A product can score extremely high on quality and very low on legibility. The attributes exist. The documentation that communicates those attributes does not. The product exists. The version of it that a buyer in a new market can read does not yet exist.
This is a more common situation than it might appear. It is particularly common among producers in origin-rich regions β the Mediterranean, South Asia, the Middle East, parts of Africa and Latin America β where production quality is high, traditional practices are distinctive, and export documentation infrastructure is underdeveloped.
What Happens When a Good Product Is Not Readable
When a good product is not readable in a new market, several things happen β all of them expensive.

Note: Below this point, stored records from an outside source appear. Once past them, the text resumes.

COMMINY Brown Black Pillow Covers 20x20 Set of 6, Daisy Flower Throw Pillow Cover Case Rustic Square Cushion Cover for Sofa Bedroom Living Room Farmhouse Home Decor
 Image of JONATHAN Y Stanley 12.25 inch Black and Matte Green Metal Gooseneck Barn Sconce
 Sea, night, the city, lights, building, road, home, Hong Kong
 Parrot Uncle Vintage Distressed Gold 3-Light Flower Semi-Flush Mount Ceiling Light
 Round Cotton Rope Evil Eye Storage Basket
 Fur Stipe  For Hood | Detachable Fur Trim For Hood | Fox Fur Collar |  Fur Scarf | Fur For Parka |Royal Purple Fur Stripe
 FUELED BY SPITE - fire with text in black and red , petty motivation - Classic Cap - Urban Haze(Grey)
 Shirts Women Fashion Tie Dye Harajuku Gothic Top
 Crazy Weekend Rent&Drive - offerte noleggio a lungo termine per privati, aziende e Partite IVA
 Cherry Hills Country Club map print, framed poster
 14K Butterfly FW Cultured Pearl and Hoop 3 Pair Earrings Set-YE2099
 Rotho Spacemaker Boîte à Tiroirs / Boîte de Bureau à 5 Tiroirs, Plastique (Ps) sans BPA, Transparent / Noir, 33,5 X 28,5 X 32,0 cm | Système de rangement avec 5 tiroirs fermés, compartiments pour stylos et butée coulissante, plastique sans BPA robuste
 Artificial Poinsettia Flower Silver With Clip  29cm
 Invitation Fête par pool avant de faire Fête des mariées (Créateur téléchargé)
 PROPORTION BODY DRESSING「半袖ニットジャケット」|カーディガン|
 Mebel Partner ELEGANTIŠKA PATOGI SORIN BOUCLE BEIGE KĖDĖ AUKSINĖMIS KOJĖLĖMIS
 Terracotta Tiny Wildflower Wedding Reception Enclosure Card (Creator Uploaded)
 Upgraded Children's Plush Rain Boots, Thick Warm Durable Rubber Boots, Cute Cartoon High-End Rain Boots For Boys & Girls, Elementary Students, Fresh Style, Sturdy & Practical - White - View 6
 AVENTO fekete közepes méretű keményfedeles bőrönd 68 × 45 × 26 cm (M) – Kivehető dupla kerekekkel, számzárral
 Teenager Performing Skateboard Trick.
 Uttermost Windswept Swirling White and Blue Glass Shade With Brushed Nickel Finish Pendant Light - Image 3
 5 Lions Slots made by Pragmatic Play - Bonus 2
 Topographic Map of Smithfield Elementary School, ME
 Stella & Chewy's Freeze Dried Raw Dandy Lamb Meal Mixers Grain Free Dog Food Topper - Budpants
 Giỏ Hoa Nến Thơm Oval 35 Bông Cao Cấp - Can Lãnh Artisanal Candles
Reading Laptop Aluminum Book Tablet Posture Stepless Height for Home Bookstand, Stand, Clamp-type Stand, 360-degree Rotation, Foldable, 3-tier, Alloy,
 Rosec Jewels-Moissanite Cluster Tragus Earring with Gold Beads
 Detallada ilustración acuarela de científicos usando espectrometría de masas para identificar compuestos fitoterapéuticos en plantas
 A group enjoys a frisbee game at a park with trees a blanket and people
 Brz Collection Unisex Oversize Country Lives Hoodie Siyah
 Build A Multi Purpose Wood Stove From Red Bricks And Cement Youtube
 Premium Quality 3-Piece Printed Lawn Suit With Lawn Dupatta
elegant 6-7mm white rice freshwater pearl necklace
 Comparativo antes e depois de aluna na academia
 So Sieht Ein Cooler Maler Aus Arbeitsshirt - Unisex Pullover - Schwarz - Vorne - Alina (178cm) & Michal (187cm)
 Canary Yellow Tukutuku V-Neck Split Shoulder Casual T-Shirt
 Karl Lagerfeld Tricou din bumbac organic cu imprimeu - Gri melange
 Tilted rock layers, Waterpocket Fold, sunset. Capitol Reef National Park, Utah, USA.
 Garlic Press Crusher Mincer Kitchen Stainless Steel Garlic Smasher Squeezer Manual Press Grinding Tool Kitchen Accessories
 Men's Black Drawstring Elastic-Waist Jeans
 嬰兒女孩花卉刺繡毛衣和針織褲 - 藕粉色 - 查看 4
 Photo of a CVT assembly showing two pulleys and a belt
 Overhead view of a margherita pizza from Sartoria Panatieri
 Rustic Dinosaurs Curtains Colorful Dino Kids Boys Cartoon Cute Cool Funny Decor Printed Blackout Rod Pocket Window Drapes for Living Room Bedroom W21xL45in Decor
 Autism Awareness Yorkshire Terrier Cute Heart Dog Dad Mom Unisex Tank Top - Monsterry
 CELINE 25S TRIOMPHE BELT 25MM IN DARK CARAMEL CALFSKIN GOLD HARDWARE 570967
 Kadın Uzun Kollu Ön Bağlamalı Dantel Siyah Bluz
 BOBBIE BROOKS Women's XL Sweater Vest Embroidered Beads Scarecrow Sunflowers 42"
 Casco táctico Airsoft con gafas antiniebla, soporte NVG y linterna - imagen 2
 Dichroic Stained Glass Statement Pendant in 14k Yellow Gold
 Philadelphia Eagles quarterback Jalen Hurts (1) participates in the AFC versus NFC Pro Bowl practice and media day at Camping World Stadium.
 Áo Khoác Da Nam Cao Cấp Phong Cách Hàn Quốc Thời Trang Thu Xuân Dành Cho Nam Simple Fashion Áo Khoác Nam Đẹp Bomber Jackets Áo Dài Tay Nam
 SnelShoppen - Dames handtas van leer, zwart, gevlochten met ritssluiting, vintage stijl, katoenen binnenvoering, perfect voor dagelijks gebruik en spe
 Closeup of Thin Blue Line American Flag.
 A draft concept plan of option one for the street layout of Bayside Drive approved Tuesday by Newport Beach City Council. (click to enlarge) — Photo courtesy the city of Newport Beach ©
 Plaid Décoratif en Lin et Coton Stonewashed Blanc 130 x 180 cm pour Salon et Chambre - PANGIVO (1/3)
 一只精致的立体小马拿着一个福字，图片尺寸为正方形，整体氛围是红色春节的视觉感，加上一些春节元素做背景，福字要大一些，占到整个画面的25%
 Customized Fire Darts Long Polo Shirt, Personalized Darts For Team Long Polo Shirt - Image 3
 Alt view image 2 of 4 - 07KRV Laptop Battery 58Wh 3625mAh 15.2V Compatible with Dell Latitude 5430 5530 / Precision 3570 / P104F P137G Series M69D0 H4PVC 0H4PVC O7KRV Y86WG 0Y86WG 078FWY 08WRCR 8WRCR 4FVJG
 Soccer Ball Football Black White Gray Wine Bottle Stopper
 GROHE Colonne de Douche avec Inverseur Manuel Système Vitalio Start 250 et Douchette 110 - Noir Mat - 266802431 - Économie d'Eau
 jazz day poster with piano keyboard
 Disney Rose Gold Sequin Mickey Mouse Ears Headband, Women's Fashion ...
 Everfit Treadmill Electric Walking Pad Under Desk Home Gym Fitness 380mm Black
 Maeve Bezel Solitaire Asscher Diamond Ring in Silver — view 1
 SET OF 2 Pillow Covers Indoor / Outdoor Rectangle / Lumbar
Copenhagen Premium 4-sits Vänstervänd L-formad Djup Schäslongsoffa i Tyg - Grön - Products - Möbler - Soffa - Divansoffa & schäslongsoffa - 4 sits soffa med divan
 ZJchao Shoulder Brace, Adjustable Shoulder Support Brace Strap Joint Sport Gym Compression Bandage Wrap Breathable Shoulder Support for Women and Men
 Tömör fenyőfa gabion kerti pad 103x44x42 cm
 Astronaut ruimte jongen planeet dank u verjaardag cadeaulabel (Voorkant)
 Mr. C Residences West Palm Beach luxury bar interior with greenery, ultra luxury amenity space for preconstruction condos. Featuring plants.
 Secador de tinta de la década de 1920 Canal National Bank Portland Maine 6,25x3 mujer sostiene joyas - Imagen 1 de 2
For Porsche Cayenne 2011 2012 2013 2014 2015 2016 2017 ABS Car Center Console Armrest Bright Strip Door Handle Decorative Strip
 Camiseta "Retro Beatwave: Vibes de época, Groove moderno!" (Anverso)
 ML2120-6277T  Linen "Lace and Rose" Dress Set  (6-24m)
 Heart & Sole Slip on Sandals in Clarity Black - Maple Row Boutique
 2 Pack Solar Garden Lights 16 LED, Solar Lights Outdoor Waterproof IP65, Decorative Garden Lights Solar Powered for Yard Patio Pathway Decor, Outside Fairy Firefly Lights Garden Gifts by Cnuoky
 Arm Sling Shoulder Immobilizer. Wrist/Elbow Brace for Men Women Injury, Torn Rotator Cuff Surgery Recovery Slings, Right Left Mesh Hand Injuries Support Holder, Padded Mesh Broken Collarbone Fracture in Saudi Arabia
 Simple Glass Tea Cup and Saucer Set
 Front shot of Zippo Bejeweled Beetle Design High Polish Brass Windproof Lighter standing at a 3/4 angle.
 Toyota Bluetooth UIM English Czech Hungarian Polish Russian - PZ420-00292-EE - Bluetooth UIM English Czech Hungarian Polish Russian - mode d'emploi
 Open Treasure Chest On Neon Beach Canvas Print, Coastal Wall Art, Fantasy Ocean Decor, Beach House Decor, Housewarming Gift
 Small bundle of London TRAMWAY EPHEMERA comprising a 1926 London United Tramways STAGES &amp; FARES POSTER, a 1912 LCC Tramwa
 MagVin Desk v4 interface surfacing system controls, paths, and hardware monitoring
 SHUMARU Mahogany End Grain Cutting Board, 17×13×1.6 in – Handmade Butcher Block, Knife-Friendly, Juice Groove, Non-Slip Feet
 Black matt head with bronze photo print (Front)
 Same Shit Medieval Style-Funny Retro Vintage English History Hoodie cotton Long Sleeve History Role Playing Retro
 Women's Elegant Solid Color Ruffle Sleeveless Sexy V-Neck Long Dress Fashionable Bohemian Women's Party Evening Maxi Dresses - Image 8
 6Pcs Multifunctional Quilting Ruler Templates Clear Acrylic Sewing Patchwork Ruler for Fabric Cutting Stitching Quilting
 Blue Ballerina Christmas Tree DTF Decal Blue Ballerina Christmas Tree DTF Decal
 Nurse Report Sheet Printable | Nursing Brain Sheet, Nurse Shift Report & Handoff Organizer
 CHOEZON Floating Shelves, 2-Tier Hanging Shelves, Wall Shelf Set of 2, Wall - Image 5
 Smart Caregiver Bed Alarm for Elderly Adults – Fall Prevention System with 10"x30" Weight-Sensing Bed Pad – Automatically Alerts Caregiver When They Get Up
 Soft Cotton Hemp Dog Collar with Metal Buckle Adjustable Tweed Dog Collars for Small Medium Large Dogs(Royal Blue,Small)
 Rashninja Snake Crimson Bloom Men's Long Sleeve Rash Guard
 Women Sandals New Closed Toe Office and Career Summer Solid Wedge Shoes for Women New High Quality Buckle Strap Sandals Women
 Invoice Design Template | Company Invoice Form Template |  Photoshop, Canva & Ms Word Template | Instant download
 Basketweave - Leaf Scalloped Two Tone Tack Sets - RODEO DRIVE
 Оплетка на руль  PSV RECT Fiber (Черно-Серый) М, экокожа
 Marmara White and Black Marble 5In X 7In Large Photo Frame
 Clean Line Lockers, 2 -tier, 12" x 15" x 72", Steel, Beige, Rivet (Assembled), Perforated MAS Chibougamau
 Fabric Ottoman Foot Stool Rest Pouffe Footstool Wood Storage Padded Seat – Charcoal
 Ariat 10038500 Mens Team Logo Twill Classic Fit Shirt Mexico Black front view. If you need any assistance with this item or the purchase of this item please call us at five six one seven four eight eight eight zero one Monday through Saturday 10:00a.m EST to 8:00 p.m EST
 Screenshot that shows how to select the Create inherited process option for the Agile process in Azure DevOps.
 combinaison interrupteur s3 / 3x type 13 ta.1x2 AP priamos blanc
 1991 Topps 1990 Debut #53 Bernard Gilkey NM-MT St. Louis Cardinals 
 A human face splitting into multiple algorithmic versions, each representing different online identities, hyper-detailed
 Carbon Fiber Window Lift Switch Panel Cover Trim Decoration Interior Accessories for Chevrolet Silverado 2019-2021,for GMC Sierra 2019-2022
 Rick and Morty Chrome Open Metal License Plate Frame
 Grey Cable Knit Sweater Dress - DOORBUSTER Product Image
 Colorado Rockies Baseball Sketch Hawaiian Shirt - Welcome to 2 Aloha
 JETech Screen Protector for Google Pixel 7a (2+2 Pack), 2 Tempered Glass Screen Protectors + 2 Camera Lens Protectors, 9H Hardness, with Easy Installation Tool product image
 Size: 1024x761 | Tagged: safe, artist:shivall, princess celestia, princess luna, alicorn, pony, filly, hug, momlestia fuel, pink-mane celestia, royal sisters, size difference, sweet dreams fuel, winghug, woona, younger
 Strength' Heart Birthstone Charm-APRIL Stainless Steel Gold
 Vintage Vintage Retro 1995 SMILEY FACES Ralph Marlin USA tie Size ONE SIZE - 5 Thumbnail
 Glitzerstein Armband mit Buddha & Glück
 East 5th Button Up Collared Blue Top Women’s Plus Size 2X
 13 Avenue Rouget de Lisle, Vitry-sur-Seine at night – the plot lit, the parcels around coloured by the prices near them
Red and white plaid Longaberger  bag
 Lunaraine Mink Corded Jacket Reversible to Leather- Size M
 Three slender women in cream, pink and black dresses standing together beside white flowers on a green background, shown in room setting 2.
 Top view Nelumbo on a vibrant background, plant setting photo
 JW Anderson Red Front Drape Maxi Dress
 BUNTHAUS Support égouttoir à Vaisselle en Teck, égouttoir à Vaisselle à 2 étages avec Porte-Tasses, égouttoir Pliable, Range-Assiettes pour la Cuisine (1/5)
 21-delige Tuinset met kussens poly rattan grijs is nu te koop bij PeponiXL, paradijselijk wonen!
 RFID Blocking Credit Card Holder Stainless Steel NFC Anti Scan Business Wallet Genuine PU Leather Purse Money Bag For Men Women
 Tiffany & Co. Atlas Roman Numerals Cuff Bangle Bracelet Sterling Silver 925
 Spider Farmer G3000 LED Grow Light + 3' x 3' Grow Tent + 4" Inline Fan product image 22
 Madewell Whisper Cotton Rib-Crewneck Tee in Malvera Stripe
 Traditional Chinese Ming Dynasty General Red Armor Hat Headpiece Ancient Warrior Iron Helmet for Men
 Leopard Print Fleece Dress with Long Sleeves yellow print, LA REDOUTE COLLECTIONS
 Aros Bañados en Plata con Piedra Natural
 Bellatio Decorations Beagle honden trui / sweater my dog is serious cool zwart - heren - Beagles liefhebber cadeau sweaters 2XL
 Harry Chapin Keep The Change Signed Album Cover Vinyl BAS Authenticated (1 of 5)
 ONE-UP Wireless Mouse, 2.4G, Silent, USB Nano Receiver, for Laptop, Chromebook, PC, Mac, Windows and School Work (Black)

The product does not get evaluated on its actual merits, because the buyer does not have access to the information needed to make that evaluation. The decision defaults to the product that is more legible, not necessarily the one that is better.
The producer invests in market development β travel, trade shows, samples, introductions β and finds that these investments do not convert. Not because the product is rejected, but because it is not fully understood. The buyer cannot assemble a complete picture of what they are being asked to commit to.
Over time, the producer may conclude that the market simply does not value what they produce. This conclusion is often wrong. The market does not have access to what the producer produces. The value is present. The communication of value is absent.
Making a Product Readable
Making a product readable is a distinct task from making it good. It requires identifying which attributes matter to buyers and institutions in the target market, structuring those attributes in a consistent and comparable form, and maintaining that structure so that the same product is described the same way across different contexts and audiences.
This is not a marketing exercise. It is an information architecture exercise. The goal is not to present the product favourably β it is to present it accurately, in a form that allows whoever is reading it to make their own informed evaluation.
A buyer who can read a product accurately can choose it, or not choose it, for the right reasons. That is the outcome both the producer and the buyer want. It requires the producer to invest not only in the product itself but in the infrastructure that communicates what the product is.
Great products that are not readable are not great in the only dimension that matters for market access: they cannot be seen.